# Your task
Write out the data exactly as given, dropping every picture.

- Opening Delimiter -

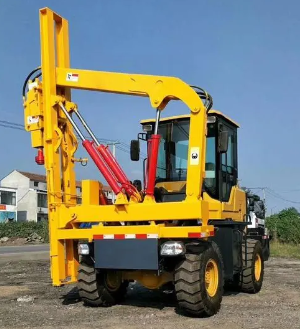 高速公路護(hù)欄打樁機(jī)工作方式及特點(diǎn)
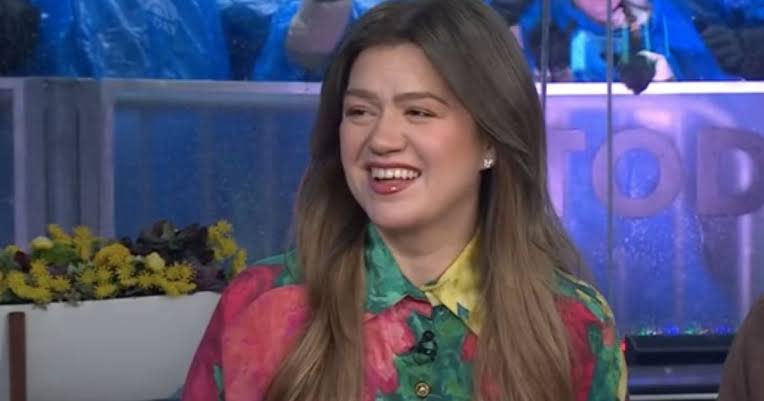Kelly Clarkson Reveals Decision To End Talk Show for Kids Came 'Easy'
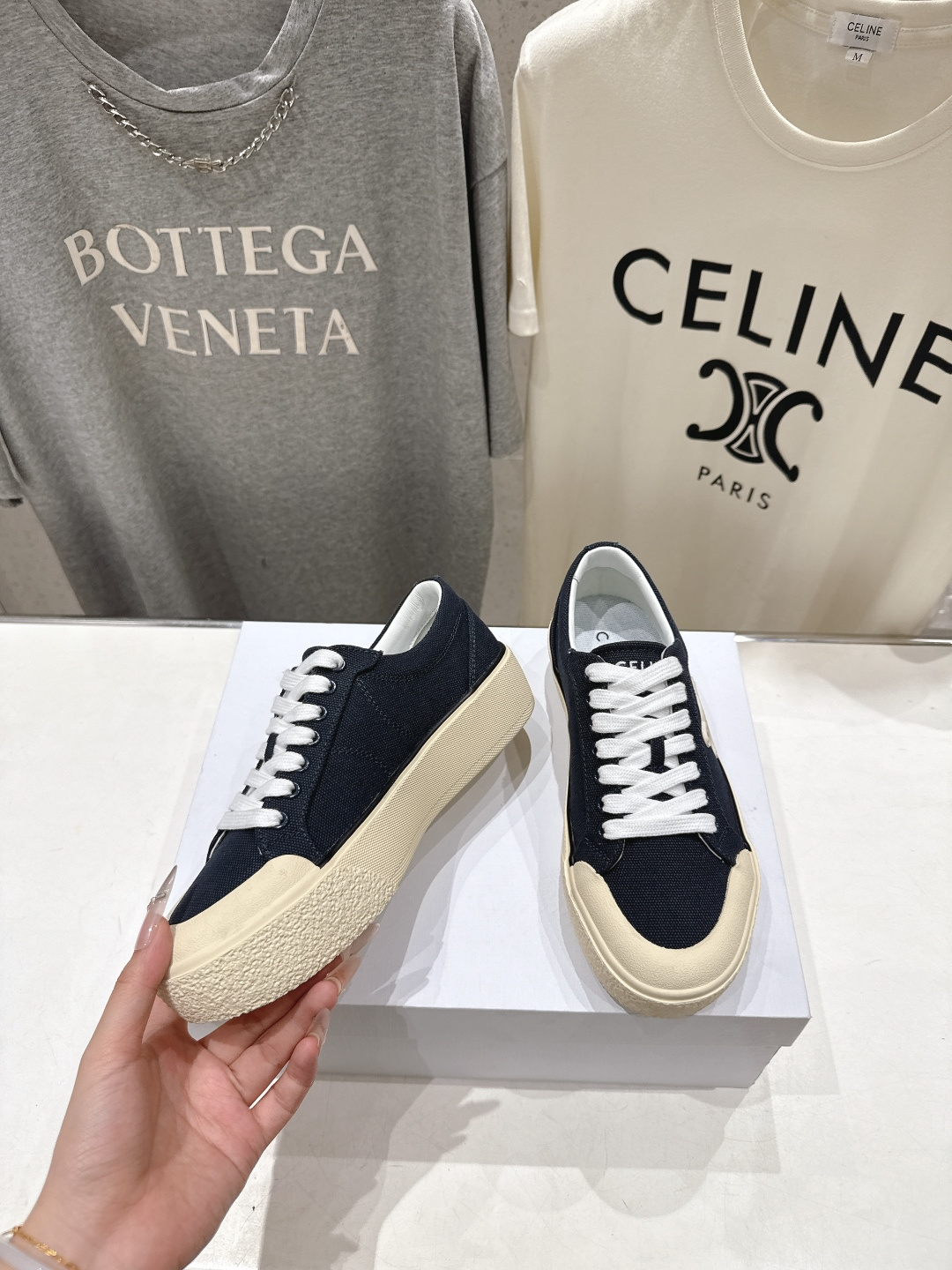 高版本出厂 厚底 Celine* 赛琳 2026ss春夏走秀新款小白鞋帆布鞋，明星同款思琳明星同款休闲透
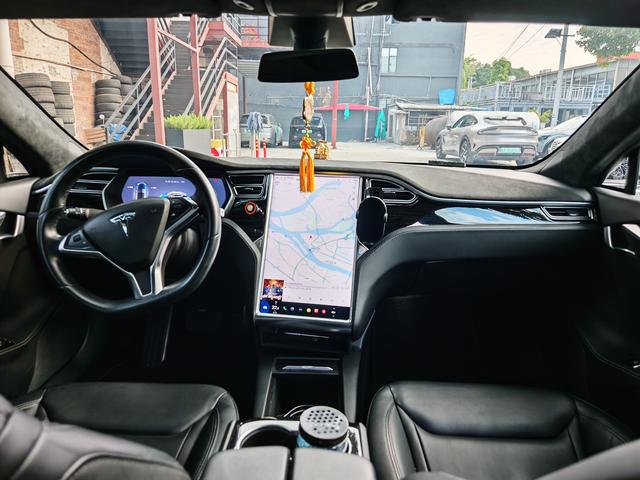 Pre-Owned Tesla Model S 2017 Model 75D Standard Range Version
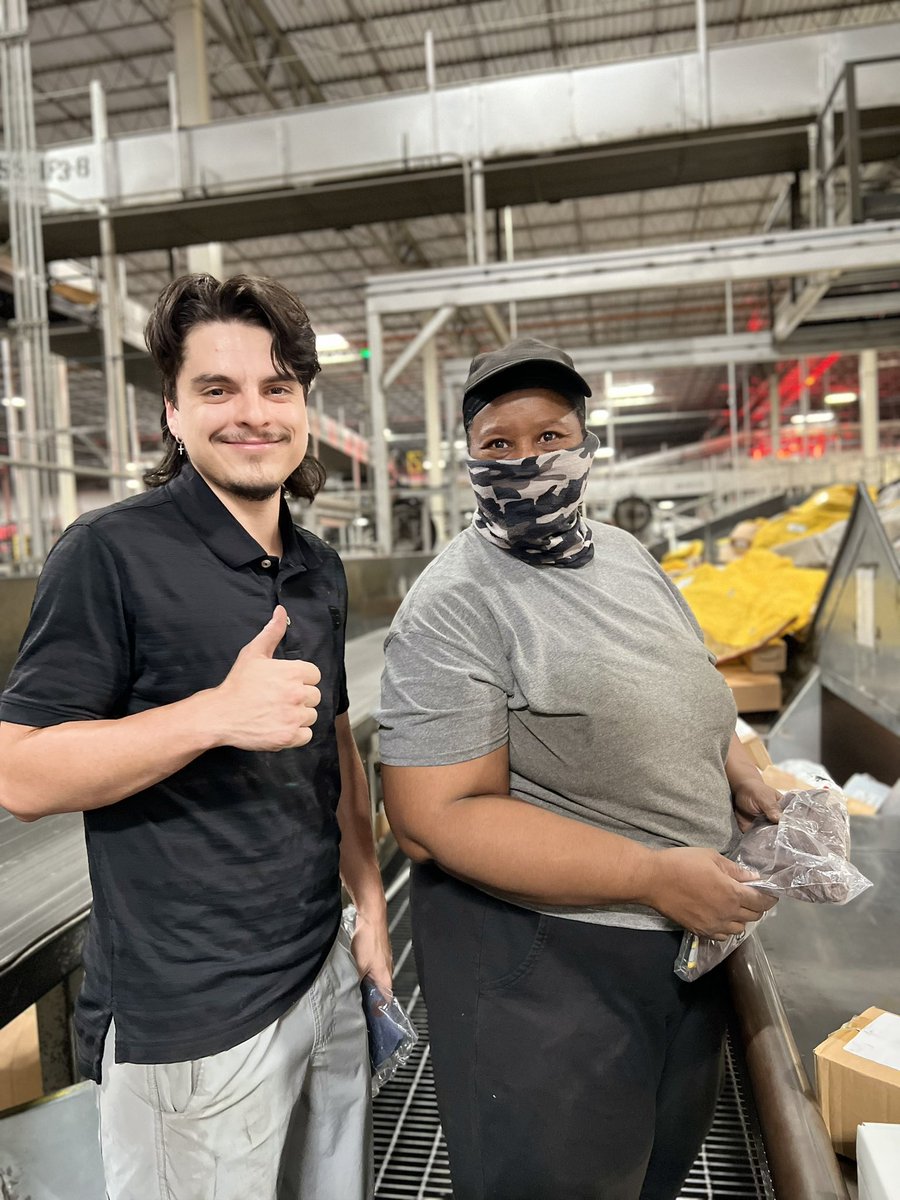 Recognizing <a href="/UPSers/">UPSers</a> employee Tonia Taylor for amazing attendance! You show up everyday early and ready for work! We couldn’t do it without you! Thank you so much <a href="/UPS/">UPS</a> <a href="/bigtymer504/">E.J.⚜</a> #DeliverWhatMatters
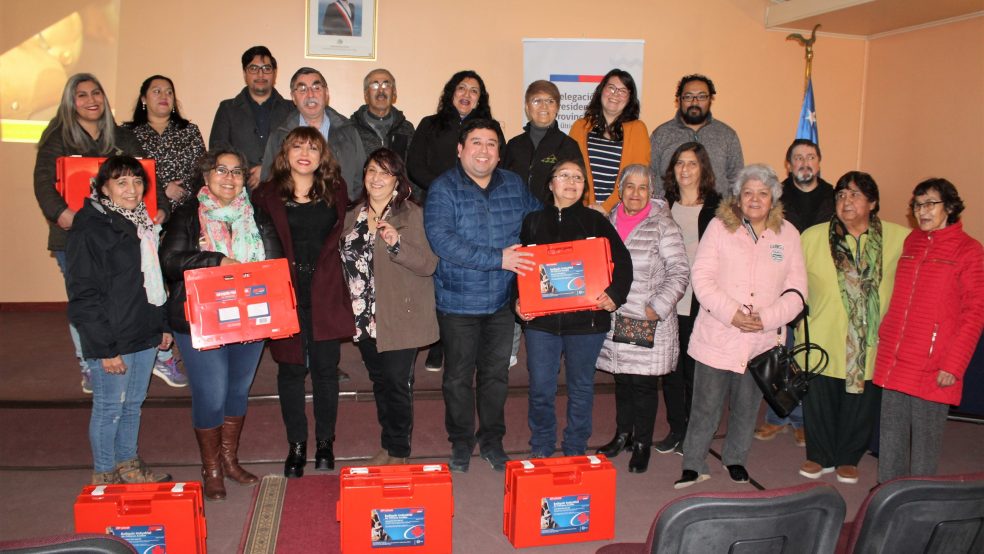 DPP de Última Esperanza entregó botiquines profesionales a Juntas de Vecinos de la provincia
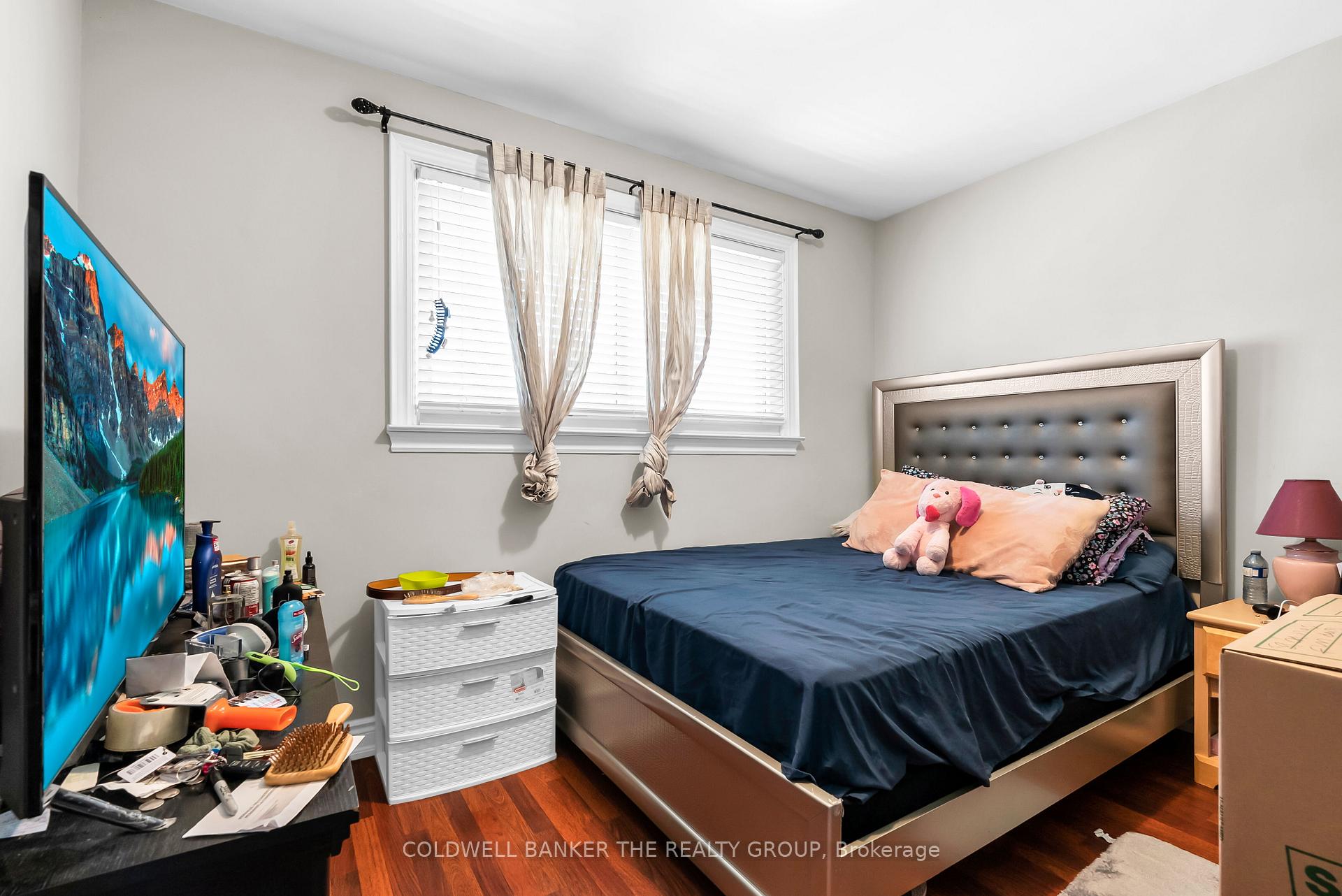 Photo 11 of 12 Sherwood Crescent, Brampton, Northwood Park — HOMEH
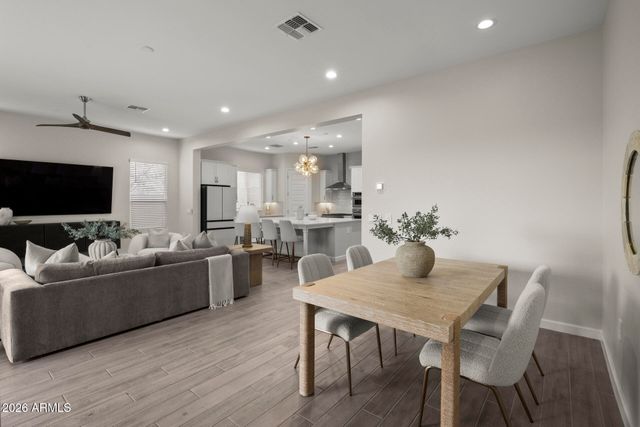 5954 E CAT BALUE Drive, Phoenix, AZ 85054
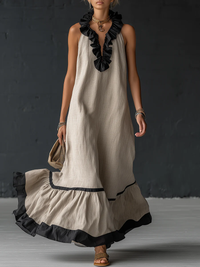 Robe longue sans manches écru avec volants noirs à l’encolure et bas ondulé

- Closing Delimiter -

# Task result
 高速公路護(hù)欄打樁機(jī)工作方式及特點(diǎn)
Kelly Clarkson Reveals Decision To End Talk Show for Kids Came 'Easy'
 高版本出厂 厚底 Celine* 赛琳 2026ss春夏走秀新款小白鞋帆布鞋，明星同款思琳明星同款休闲透
 Pre-Owned Tesla Model S 2017 Model 75D Standard Range Version
 Recognizing <a href="/UPSers/">UPSers</a> employee Tonia Taylor for amazing attendance! You show up everyday early and ready for work! We couldn’t do it without you! Thank you so much <a href="/UPS/">UPS</a> <a href="/bigtymer504/">E.J.⚜</a> #DeliverWhatMatters
 DPP de Última Esperanza entregó botiquines profesionales a Juntas de Vecinos de la provincia
 Photo 11 of 12 Sherwood Crescent, Brampton, Northwood Park — HOMEH
 5954 E CAT BALUE Drive, Phoenix, AZ 85054
 Robe longue sans manches écru avec volants noirs à l’encolure et bas ondulé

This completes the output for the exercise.